Improvised building
(Right; Pillars. Left; safety precaution: Jing’An Temple, Shanghai)
When we visited this temple in Shanghai, it was being refurbished at much expense, as it has been for some time. Although the refurbishment is of such high quality, some elements of it seem quite improvised: in the left image, you can see a pillar of lions (which might be quite familiar by now) and a huge wooden one next to it. The matching wooden pillar on the other side of the temple is flawless, polished to a high sheen, whilst this has been left with a tangled bubble of knots at the top. Perhaps it is not so easily conveyed in this photograph, but it is so beautifully finished that it has a different beauty to the rest of the temple; it is a completely natural phenomenon showcased as a marvel. It is one of my favourite parts of the whole temple complex, simply because of it’s natural simplicity and because somebody chose to keep it, rather than hack it away.

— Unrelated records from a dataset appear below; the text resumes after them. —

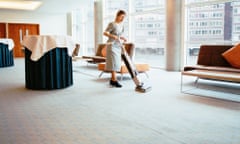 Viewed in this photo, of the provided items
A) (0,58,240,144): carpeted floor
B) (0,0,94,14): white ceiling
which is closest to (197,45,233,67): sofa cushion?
(0,58,240,144): carpeted floor

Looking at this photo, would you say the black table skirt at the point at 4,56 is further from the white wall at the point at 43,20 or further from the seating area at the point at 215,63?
the seating area at the point at 215,63

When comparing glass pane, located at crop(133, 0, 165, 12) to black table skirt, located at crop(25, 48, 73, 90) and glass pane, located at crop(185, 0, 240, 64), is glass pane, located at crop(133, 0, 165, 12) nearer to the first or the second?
glass pane, located at crop(185, 0, 240, 64)

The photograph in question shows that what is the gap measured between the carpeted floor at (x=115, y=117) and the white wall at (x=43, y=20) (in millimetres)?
10055

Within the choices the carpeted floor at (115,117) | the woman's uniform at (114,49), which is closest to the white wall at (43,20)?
the carpeted floor at (115,117)

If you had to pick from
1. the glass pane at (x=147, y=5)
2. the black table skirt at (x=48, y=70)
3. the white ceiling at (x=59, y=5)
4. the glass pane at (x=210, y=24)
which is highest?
the white ceiling at (x=59, y=5)

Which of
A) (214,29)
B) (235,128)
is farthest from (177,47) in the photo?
(235,128)

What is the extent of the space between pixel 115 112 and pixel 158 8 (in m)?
5.92

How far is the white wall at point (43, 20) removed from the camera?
43.8ft

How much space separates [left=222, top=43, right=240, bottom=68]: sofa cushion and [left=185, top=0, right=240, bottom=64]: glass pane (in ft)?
5.17

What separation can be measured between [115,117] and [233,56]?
114 inches

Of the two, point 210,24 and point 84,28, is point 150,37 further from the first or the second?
point 84,28

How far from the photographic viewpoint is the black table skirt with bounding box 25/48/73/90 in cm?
448

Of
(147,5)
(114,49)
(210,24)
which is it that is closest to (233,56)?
(114,49)

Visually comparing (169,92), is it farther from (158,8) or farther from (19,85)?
(158,8) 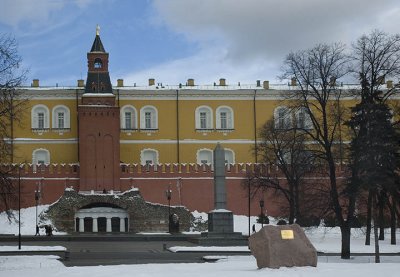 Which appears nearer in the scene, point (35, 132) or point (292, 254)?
point (292, 254)

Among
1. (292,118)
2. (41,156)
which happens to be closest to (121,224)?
(41,156)

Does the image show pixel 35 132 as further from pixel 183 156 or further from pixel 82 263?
pixel 82 263

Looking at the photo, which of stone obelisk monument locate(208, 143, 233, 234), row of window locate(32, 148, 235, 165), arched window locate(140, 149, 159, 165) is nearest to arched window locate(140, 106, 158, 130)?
arched window locate(140, 149, 159, 165)

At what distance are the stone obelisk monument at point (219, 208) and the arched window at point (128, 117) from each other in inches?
999

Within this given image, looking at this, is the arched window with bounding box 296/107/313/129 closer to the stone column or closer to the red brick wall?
the stone column

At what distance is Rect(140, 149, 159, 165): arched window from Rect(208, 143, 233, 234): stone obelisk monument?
2411 centimetres

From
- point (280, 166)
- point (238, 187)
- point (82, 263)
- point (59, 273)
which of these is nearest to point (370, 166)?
point (82, 263)

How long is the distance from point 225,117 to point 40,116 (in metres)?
15.0

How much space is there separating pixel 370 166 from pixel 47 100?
39394 millimetres

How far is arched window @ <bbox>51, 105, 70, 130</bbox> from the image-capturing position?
206 ft

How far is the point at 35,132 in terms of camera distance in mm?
62250

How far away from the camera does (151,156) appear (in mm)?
62656

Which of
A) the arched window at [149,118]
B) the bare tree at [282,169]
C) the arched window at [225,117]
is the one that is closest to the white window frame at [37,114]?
the arched window at [149,118]

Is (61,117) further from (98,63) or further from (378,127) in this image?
(378,127) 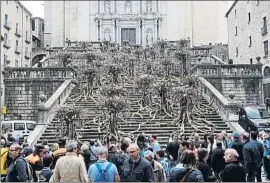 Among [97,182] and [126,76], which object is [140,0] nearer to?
[126,76]

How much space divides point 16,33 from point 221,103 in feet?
89.7

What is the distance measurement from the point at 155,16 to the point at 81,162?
4304 centimetres

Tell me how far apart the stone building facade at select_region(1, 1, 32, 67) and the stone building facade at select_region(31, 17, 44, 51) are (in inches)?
166

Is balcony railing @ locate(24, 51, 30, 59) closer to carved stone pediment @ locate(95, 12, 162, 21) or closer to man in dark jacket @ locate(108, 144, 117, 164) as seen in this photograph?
carved stone pediment @ locate(95, 12, 162, 21)

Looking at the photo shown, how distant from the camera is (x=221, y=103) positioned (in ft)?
62.8

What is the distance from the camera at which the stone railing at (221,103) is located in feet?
60.0

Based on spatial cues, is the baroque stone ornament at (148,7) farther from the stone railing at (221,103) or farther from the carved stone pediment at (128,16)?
the stone railing at (221,103)

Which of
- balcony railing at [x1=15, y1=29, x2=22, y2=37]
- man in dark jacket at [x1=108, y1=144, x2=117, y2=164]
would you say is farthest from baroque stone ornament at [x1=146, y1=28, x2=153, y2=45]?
man in dark jacket at [x1=108, y1=144, x2=117, y2=164]

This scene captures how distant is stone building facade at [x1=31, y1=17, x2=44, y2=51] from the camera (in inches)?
1998

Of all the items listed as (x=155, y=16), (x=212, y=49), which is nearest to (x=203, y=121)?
(x=212, y=49)

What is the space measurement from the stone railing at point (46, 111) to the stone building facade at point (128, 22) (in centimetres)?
2727

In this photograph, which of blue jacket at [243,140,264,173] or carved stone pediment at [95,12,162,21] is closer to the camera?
blue jacket at [243,140,264,173]

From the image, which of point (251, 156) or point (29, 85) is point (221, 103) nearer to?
point (251, 156)

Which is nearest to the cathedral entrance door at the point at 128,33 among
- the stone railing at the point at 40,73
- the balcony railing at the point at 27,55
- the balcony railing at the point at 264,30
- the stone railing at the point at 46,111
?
the balcony railing at the point at 27,55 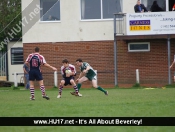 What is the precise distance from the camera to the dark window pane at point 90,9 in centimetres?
3712

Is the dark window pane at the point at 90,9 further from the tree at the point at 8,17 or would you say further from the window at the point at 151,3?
the tree at the point at 8,17

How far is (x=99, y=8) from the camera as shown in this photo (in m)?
37.0

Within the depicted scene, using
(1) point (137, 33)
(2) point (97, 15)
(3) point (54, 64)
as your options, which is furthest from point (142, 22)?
(3) point (54, 64)

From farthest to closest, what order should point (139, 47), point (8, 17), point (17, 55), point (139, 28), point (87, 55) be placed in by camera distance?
point (8, 17), point (17, 55), point (87, 55), point (139, 47), point (139, 28)

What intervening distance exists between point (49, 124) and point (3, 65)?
128ft

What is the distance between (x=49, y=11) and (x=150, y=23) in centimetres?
642

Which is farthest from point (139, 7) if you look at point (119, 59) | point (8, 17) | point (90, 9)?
point (8, 17)

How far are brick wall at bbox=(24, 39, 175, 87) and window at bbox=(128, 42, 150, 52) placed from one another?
19 cm

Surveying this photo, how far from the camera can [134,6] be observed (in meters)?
35.7

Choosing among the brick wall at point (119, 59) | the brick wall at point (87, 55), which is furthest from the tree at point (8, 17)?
the brick wall at point (119, 59)

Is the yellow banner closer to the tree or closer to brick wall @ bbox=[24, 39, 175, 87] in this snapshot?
brick wall @ bbox=[24, 39, 175, 87]

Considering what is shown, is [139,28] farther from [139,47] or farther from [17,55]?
[17,55]

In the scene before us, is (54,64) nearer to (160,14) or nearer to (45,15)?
(45,15)

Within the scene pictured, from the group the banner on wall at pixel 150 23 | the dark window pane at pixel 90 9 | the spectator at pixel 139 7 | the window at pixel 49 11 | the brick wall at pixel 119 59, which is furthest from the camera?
the window at pixel 49 11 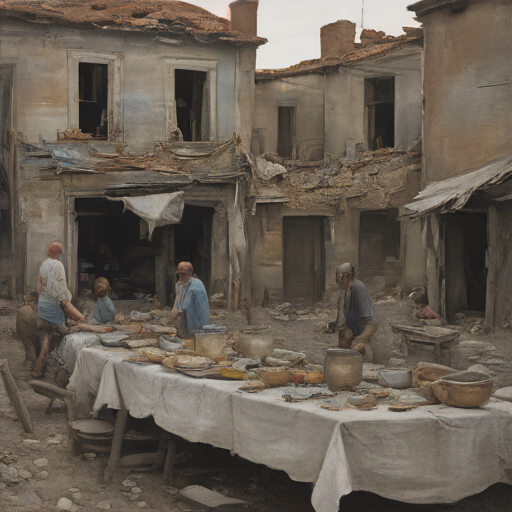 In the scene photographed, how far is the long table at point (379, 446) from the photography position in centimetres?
404

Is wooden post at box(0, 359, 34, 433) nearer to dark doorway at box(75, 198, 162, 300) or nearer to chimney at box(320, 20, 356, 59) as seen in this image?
dark doorway at box(75, 198, 162, 300)

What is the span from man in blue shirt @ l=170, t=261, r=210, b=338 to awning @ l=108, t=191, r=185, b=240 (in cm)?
649

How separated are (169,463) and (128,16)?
467 inches

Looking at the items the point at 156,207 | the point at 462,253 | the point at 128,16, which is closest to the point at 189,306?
the point at 156,207

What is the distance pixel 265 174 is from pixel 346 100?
347cm

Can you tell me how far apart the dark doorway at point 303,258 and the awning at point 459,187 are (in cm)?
541

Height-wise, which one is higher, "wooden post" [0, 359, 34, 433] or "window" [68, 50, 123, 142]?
"window" [68, 50, 123, 142]

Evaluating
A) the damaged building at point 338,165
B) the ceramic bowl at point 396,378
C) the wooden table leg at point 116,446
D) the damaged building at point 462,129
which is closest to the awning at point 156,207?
the damaged building at point 338,165

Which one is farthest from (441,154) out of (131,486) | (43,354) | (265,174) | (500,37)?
(131,486)

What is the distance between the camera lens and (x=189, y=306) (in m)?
7.33

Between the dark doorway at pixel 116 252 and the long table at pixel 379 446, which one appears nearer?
the long table at pixel 379 446

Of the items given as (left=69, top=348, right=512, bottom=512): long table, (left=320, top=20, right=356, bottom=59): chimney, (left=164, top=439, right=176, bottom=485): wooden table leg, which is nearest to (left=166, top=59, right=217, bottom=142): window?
(left=320, top=20, right=356, bottom=59): chimney

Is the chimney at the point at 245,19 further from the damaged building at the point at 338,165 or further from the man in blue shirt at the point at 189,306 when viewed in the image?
the man in blue shirt at the point at 189,306

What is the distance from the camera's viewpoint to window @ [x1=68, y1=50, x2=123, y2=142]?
47.8ft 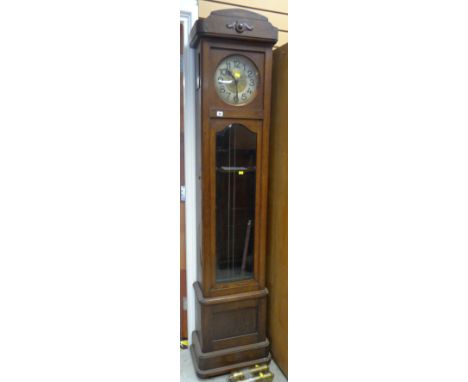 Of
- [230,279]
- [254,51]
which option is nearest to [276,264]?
[230,279]

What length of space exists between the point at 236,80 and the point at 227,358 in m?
1.28

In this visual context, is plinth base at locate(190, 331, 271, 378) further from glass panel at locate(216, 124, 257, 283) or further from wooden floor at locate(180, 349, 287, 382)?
glass panel at locate(216, 124, 257, 283)

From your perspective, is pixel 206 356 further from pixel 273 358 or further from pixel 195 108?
pixel 195 108

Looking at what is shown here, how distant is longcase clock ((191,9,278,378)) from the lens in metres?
1.35

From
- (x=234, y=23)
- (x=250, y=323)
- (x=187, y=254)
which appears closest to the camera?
(x=234, y=23)

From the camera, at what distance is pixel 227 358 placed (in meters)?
1.49

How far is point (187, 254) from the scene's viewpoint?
1.64m

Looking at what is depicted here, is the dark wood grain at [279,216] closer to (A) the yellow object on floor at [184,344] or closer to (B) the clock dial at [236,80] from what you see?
(B) the clock dial at [236,80]

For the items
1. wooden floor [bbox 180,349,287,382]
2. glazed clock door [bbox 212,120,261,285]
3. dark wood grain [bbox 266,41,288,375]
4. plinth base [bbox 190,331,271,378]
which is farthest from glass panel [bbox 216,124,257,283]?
wooden floor [bbox 180,349,287,382]

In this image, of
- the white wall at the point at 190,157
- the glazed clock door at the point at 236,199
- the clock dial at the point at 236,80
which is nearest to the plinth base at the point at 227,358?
the white wall at the point at 190,157

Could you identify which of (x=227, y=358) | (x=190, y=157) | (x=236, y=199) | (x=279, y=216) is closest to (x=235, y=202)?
(x=236, y=199)

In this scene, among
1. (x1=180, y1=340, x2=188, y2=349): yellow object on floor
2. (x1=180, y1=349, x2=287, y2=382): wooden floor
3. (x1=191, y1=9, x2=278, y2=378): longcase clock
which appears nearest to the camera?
(x1=191, y1=9, x2=278, y2=378): longcase clock

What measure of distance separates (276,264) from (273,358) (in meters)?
0.49

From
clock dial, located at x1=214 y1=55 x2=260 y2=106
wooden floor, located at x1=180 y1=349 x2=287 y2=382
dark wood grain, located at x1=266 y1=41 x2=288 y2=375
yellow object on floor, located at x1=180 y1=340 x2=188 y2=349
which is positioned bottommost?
wooden floor, located at x1=180 y1=349 x2=287 y2=382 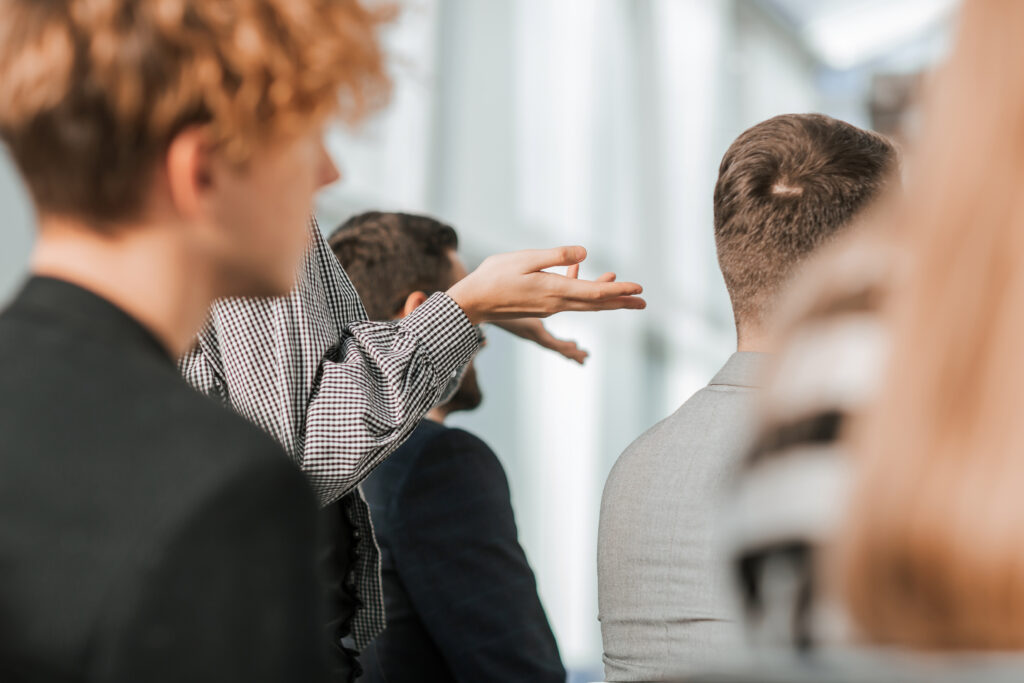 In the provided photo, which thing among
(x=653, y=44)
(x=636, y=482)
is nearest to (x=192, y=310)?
(x=636, y=482)

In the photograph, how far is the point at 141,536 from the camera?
511 mm

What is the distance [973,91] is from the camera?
16.2 inches

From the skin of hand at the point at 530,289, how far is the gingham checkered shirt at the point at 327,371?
0.03 metres

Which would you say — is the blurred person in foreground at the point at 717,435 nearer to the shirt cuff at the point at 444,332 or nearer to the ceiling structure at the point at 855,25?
the shirt cuff at the point at 444,332

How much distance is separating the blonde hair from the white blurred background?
6.96 feet

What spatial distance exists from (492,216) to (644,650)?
10.2 feet

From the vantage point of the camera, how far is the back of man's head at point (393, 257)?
5.64 ft

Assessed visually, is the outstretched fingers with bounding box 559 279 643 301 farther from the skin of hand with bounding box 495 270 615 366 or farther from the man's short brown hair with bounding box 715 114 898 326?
the skin of hand with bounding box 495 270 615 366

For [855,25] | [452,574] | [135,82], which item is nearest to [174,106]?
[135,82]

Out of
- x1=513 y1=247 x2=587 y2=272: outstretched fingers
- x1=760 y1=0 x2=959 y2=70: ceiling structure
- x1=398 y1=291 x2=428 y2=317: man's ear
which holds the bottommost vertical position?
x1=398 y1=291 x2=428 y2=317: man's ear

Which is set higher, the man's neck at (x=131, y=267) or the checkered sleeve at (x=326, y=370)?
the man's neck at (x=131, y=267)

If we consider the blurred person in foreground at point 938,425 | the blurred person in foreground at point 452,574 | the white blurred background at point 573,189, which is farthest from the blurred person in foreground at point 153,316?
the white blurred background at point 573,189

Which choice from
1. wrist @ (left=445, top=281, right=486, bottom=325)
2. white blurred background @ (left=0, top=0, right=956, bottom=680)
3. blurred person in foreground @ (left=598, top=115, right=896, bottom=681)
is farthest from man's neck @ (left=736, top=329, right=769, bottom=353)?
white blurred background @ (left=0, top=0, right=956, bottom=680)

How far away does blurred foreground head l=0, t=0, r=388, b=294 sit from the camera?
0.58 metres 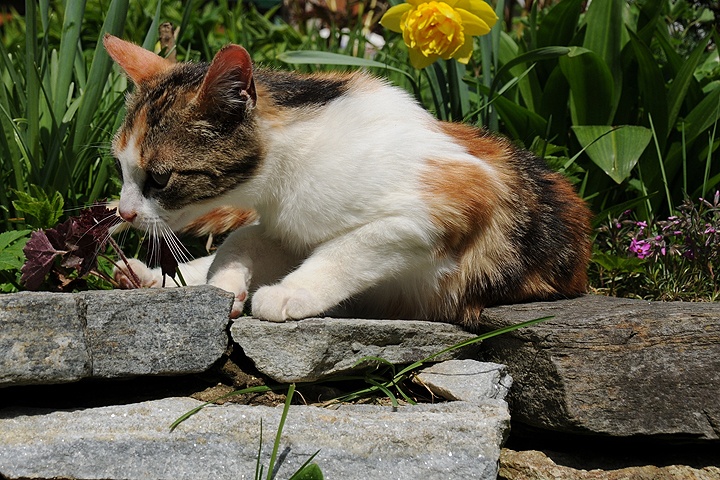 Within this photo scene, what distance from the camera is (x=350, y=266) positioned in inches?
79.4

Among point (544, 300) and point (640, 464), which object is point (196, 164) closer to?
point (544, 300)

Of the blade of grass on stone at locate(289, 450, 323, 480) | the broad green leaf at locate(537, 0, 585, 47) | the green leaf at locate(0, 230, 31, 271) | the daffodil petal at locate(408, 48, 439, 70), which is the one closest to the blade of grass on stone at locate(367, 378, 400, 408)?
the blade of grass on stone at locate(289, 450, 323, 480)

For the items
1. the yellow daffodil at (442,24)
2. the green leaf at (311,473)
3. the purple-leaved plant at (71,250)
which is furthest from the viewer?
the yellow daffodil at (442,24)

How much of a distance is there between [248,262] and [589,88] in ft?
4.95

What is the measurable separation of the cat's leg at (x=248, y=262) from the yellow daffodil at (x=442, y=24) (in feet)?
2.37

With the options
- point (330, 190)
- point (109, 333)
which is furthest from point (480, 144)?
point (109, 333)

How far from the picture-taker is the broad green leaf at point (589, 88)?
2.95 m

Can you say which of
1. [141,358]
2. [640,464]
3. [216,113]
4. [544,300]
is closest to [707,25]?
[544,300]

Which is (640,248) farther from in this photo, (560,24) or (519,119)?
(560,24)

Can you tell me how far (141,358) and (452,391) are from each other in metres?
0.74

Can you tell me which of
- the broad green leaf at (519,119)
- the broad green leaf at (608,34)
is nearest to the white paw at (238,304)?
the broad green leaf at (519,119)

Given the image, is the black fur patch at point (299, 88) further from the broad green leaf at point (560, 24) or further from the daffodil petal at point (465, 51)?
the broad green leaf at point (560, 24)

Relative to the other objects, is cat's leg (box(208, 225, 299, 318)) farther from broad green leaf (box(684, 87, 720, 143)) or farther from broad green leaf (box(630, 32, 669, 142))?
broad green leaf (box(684, 87, 720, 143))

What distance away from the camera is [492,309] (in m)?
2.22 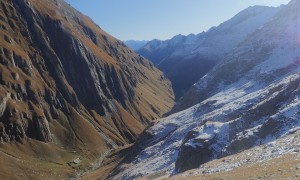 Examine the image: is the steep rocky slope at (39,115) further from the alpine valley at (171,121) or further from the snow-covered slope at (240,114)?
the snow-covered slope at (240,114)

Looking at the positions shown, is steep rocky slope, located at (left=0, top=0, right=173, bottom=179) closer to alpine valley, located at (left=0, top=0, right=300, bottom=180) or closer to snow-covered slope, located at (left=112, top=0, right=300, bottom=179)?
alpine valley, located at (left=0, top=0, right=300, bottom=180)

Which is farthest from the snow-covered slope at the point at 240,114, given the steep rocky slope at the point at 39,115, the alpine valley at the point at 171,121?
the steep rocky slope at the point at 39,115

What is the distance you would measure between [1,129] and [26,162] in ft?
55.2

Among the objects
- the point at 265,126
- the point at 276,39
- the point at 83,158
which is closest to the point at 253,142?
the point at 265,126

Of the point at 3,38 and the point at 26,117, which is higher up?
the point at 3,38

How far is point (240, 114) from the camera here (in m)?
81.8

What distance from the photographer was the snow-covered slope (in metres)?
62.7

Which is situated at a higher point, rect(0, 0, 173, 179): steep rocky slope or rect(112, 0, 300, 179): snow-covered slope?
rect(0, 0, 173, 179): steep rocky slope

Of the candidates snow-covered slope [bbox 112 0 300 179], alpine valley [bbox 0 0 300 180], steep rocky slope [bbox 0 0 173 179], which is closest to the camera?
alpine valley [bbox 0 0 300 180]

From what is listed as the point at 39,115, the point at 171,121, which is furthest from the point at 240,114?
the point at 39,115

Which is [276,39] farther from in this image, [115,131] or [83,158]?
[115,131]

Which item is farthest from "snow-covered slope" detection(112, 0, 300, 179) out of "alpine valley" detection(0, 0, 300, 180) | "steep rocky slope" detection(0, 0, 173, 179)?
"steep rocky slope" detection(0, 0, 173, 179)

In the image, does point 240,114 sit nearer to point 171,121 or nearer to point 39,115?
point 171,121

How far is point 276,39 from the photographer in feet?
418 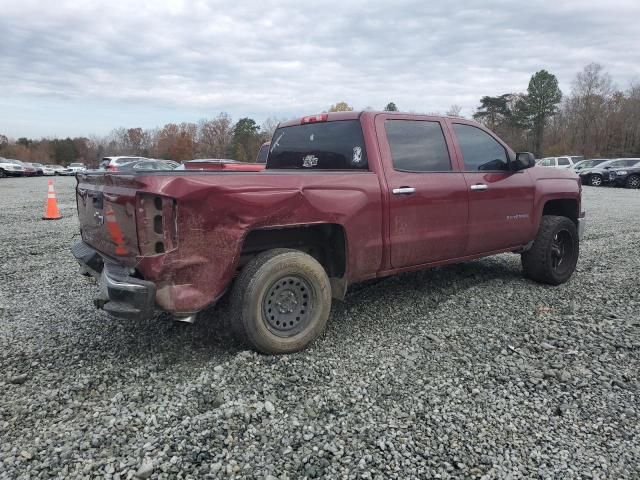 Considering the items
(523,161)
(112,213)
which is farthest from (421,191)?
(112,213)

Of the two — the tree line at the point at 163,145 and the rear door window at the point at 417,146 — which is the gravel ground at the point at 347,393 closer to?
the rear door window at the point at 417,146

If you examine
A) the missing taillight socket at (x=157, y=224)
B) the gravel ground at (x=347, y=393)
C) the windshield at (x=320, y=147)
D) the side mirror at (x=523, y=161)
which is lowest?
the gravel ground at (x=347, y=393)

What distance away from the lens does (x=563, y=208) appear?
5.72 metres

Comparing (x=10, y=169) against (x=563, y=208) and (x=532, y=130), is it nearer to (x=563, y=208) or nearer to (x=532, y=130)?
(x=563, y=208)

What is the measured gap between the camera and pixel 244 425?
261 cm

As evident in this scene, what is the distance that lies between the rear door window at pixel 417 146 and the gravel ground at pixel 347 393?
1.35 metres

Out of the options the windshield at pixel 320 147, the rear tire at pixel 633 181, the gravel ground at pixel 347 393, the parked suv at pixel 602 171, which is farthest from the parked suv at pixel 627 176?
the windshield at pixel 320 147

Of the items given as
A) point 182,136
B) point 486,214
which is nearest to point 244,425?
point 486,214

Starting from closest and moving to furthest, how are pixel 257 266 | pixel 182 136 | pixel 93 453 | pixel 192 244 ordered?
pixel 93 453
pixel 192 244
pixel 257 266
pixel 182 136

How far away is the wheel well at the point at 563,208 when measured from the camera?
5645 millimetres

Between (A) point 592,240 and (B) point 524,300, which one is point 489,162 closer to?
(B) point 524,300

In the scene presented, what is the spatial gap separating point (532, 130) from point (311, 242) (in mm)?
65637

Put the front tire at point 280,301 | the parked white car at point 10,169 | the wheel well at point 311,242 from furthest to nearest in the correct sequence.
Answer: the parked white car at point 10,169, the wheel well at point 311,242, the front tire at point 280,301

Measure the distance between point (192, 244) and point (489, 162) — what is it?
3.26 metres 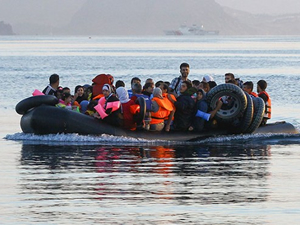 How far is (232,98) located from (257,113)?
63 cm

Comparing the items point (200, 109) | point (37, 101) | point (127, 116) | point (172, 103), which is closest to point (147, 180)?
point (127, 116)

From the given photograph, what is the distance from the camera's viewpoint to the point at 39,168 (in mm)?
14477

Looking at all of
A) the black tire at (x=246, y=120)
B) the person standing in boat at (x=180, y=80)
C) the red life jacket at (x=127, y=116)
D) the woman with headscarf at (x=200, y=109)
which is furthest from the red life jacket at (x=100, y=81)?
the black tire at (x=246, y=120)

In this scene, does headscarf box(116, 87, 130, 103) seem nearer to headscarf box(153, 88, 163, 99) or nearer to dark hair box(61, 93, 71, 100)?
headscarf box(153, 88, 163, 99)

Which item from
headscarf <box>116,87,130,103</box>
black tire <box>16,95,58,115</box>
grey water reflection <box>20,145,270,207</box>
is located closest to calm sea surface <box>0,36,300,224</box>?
grey water reflection <box>20,145,270,207</box>

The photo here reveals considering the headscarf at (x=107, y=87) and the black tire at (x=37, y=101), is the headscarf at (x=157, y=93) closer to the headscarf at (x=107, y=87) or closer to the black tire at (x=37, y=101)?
the headscarf at (x=107, y=87)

The second image is less striking, but just as beautifully improvised; it’s just a plastic bottle on the bare end of a stretch of scaffolding. Without it, the monks and visitors would be at risk of a nasty poke in the face or rusty blindness, but with this safety provision, it just made us laugh – and steer clear, obviously. I think it is becoming increasingly rare to see these sorts of improvised measures in China. I believe the closer it gets to the dream of being the global superpower, the less of these delightful inventive scenarios we will see. Britain has been made less ‘fun’, even since I was a child by Health and Safety, bureaucracy and the ‘nanny state’ mentality. China has clearly not met with these yet on such a scale and (whilst I agree with many Health and Safety aims) it will steal these occurrences and standardise them, making life a bit more homogenous – one word I cannot use to describe China!